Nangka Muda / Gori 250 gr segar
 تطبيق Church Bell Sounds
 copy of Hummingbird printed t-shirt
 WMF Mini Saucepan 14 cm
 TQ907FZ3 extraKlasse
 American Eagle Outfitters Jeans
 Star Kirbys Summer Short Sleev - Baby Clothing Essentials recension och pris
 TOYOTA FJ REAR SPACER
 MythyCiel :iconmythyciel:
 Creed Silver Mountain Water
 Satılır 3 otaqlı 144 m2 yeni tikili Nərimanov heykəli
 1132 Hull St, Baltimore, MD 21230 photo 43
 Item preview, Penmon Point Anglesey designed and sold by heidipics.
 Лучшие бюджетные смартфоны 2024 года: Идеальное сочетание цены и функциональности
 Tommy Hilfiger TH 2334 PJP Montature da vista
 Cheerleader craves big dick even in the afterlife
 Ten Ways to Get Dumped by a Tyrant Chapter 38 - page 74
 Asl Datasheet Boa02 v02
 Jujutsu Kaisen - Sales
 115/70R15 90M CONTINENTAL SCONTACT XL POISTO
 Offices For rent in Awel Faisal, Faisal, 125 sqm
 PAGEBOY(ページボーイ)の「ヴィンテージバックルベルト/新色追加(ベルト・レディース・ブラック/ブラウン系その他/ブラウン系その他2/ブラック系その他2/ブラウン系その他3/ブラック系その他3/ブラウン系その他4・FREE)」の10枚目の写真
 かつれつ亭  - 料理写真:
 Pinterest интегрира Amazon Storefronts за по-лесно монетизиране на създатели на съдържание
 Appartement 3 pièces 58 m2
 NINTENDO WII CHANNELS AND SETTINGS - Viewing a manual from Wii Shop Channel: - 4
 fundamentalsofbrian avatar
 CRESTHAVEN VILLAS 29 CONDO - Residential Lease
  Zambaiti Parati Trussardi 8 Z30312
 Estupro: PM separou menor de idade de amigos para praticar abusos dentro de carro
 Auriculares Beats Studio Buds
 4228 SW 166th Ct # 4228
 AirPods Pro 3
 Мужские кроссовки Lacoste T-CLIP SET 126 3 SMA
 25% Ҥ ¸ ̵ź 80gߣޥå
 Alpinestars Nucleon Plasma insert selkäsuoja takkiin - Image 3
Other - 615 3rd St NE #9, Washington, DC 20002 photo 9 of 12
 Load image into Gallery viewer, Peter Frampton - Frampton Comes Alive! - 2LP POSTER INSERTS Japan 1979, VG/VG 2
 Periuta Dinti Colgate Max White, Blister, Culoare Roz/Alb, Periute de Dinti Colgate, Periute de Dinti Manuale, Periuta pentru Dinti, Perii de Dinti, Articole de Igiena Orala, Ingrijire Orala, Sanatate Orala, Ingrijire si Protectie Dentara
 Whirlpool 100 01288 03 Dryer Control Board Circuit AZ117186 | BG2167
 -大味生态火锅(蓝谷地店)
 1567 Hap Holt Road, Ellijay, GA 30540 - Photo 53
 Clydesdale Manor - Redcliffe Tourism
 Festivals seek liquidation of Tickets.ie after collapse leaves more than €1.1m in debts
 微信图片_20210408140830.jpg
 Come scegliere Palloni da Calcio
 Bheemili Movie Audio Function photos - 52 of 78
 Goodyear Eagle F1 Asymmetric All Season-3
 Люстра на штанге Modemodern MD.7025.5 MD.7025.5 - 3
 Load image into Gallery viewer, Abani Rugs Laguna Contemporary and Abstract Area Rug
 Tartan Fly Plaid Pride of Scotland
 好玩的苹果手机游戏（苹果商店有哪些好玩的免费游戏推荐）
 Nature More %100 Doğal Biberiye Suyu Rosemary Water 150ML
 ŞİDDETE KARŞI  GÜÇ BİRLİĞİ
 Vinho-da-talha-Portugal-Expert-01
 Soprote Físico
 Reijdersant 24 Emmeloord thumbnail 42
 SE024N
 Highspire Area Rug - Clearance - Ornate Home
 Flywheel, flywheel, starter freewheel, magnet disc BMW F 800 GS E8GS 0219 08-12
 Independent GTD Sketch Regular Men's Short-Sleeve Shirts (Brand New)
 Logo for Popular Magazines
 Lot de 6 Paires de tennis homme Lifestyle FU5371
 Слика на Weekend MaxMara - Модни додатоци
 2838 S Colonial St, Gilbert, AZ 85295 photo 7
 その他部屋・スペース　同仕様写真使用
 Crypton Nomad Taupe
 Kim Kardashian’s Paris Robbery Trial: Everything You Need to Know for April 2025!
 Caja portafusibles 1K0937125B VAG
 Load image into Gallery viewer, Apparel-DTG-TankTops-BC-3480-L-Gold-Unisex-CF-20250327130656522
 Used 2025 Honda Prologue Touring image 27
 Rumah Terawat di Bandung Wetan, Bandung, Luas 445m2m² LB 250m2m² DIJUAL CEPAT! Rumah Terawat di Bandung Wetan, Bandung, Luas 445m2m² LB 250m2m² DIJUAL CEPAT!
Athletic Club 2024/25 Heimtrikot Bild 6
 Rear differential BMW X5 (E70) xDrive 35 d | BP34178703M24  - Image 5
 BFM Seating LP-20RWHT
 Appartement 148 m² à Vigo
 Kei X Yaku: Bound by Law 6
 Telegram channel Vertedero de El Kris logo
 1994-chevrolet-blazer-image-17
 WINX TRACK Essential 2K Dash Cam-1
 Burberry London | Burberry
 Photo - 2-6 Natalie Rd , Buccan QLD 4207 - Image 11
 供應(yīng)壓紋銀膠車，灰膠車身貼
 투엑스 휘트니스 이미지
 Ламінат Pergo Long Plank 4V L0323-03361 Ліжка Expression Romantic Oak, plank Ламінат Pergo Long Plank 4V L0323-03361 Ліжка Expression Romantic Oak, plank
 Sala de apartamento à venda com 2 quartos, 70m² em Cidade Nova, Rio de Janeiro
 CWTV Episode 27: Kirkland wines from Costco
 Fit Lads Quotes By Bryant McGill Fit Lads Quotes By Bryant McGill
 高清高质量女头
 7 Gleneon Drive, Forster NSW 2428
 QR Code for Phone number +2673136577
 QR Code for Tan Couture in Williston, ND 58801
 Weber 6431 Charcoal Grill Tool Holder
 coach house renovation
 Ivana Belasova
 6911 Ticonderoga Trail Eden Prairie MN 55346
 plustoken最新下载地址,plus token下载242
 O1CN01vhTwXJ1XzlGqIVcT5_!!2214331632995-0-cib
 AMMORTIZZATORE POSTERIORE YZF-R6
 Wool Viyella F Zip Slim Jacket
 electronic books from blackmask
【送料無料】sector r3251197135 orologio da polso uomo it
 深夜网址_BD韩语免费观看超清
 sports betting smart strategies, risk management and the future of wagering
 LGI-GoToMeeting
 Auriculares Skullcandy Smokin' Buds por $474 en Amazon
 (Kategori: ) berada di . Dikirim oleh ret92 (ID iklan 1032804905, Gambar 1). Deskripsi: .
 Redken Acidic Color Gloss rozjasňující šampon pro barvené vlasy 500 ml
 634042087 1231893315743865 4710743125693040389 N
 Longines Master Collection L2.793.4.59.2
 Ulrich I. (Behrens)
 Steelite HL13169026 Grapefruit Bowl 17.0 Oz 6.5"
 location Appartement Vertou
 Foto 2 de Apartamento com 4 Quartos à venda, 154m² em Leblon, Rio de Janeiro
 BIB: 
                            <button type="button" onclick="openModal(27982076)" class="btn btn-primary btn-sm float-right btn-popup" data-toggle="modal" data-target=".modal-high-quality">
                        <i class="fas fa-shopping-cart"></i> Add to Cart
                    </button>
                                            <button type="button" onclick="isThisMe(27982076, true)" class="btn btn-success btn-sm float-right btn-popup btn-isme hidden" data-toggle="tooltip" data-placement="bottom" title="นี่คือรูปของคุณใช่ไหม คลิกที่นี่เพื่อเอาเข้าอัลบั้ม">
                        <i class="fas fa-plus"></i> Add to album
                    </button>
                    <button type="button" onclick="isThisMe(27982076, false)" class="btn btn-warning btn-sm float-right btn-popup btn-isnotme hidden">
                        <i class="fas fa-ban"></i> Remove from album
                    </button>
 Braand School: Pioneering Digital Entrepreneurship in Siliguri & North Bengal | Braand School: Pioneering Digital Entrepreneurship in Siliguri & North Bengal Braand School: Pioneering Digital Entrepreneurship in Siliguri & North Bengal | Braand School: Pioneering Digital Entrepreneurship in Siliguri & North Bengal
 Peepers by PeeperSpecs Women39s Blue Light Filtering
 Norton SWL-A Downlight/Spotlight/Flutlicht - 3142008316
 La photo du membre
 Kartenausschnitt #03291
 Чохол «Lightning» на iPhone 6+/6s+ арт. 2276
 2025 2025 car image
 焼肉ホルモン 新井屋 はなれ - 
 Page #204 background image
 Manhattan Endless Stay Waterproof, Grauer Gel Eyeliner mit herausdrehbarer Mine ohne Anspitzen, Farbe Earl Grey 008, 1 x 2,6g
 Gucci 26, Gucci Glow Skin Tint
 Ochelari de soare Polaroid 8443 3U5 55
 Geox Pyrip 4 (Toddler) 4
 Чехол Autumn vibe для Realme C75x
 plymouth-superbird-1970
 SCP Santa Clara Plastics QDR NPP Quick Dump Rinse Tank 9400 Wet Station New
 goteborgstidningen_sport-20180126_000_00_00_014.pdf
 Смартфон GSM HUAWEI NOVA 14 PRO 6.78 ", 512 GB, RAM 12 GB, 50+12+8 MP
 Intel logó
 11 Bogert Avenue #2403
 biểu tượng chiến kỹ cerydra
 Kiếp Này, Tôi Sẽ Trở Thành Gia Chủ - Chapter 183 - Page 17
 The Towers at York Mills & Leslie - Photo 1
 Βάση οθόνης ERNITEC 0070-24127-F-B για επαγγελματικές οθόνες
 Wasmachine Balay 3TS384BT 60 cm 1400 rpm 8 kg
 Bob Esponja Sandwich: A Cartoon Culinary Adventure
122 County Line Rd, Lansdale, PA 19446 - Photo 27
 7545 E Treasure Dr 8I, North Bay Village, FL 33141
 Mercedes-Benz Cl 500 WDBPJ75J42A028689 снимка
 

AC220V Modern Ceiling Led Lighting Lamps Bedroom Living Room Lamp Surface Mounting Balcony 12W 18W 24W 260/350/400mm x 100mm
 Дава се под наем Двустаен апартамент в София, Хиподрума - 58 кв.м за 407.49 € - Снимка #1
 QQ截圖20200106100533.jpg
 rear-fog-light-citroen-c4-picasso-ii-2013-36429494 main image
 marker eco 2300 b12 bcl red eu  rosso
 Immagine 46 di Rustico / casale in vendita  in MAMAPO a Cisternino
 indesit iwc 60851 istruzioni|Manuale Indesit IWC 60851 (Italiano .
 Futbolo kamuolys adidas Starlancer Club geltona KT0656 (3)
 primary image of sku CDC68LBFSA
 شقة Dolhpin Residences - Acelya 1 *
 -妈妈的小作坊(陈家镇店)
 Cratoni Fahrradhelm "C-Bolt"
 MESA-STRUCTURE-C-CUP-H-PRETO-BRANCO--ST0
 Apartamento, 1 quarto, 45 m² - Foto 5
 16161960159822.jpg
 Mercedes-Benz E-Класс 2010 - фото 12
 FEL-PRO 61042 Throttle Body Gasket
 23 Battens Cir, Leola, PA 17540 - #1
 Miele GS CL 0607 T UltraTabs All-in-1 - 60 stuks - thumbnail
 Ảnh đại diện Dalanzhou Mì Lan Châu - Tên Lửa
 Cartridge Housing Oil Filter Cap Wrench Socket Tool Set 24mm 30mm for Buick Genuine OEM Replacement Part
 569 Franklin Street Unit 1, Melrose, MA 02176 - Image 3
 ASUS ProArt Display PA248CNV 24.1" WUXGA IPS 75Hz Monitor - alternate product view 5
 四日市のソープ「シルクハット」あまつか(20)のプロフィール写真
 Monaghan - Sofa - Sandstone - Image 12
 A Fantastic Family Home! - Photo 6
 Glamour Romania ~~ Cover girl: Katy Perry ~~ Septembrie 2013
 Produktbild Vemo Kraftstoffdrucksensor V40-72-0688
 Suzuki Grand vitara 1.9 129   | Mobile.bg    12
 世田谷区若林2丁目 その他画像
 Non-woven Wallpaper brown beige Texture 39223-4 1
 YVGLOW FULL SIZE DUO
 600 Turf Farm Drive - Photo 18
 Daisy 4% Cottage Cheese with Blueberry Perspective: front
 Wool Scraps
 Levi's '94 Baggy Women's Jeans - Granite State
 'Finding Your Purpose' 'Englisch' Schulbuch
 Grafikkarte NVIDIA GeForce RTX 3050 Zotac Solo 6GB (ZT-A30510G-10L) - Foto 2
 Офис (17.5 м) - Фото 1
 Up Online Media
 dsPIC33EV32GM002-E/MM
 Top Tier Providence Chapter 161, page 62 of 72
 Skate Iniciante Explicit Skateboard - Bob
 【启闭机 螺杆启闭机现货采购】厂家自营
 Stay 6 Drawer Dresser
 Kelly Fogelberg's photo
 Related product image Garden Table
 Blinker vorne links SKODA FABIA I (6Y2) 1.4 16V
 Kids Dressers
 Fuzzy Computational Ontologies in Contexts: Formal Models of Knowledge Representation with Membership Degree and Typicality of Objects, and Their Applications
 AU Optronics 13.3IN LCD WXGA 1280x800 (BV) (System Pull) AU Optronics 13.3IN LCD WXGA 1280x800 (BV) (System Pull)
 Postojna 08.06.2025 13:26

◆ TASK BRIEF
Scan the data for the string "Appartement" and copy each line in which it occurs.

◆ SOLUTION TO THE PROBLEM
 Appartement 3 pièces 58 m2
 Appartement 148 m² à Vigo
 location Appartement Vertou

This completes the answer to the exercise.